Andrew Slorance’s widow calls for ‘cover’ over death of government official
The widow of a senior Scottish government official has claimed that all details of his death have been withheld to protect the reputation of a struggling Glasgow hospital.
Andrew Slorance was treated for cancer at Queen Elizabeth University Hospital and his wife Louise now believes he caught Covid and another potentially fatal infection there.
Mr Slorance was the head of the Scottish Government’s response and communications unit, which was responsible for its handling of the Covid pandemic.
Prime Minister Nicola Sturgeon paid tribute upon his death, describing the Edinburgh father of five as a “wonderful person” who made a difference in everything he did.
The 49-year-old man was hospitalized at the end of October 2020 for a stem cell transplant and chemotherapy as part of the treatment for mantle cell lymphoma (MCL).
He died almost six weeks after the start of his stay, the cause of his death being listed as Covid pneumonia.
READ MORE: Hospital investigation bids ‘farewell’ to daughter as she battles infection
After requesting a copy of her medical notes, Ms Slorance discovered that her husband had also been treated for an infection caused by a fungus called aspergillus, which she said had not been discussed with either of them during his stay at the hospital.
Infection is common in the environment but can be extremely dangerous for people with weakened immune systems.
Ms. Slorance believes that the authorities wanted to protect the hospital, which is already the subject of a public inquiry, and its reputation, “at all costs”.
She told the BBC: “I believe that someone and probably a number of people have made an active decision not to inform their family about this infection, either upon admission or after death.”

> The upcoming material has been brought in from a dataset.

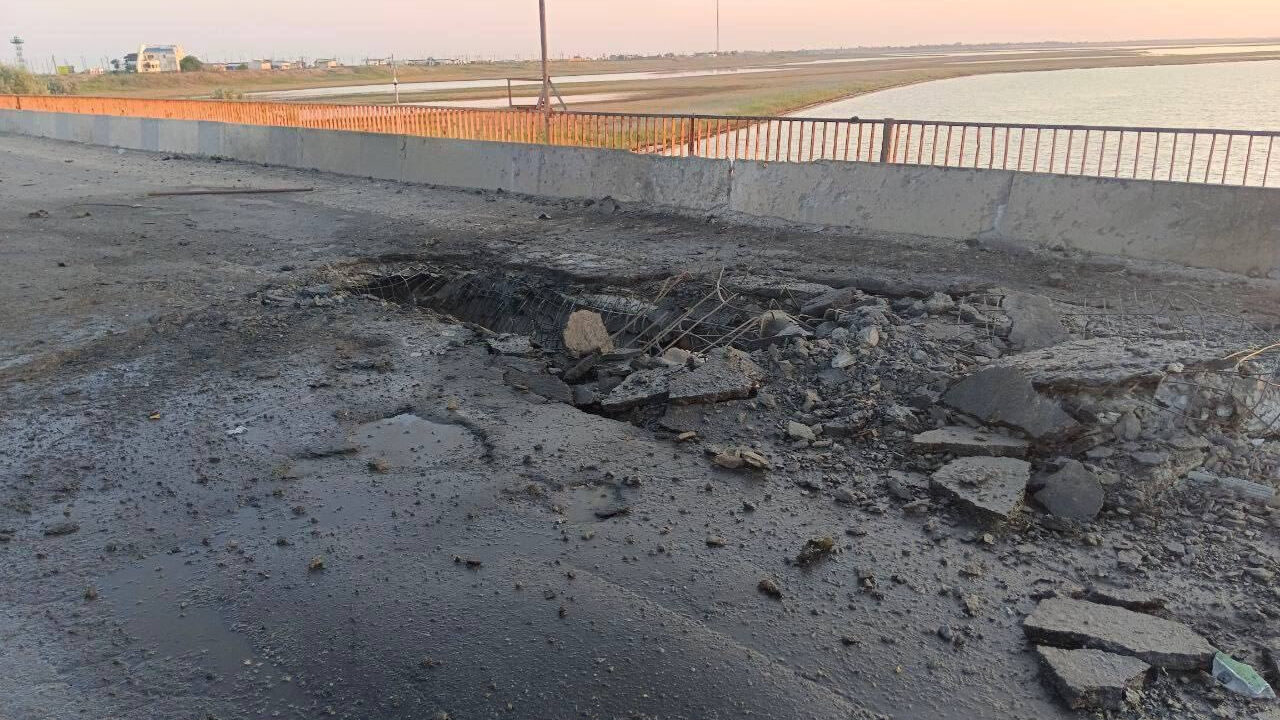 Ukraine Struck Northern Crimea Bridge With British Storm Shadow Missiles (Videos)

âThe impact of the board of health hiding the fungal infection will have lifelong impacts on all of our family members, including five children.

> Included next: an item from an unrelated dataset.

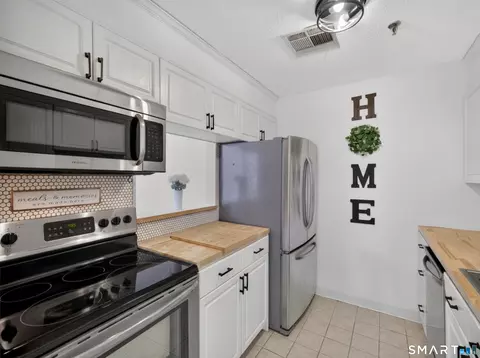 Kitchen - 45 Main St #206, Plainfield, CT 06374 photo 3 of 3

READ MORE: Father calls hospital executives “duplicitous, overly defensive and lacking in emotional intelligence”
“The reason? To protect a building, a board of health and political decision-making.”
Ms Slorance has called for a full investigation of the aspergillus cases on the hospital campus.
She said: “I’ll never know if it was Aspergillus or Covid, so I can’t mourn a death that I don’t fully understand.”
In response, the NHS Greater Glasgow and Clyde said: ‘We are sorry the family are not happy with aspects of Mr Slorance’s treatment, details of which were discussed with the family at the time.
âWhile we cannot comment on individual patients, we do not acknowledge the claims made.
“We are confident that the proper care has been provided. There has been a clinical review of this case and we would like to reassure the family that we have been open and honest and that there has been no attempt to hide it from them. informations.”
The board of health offered to meet with Mr. Slorance’s family to discuss the care provided and the issues they raised.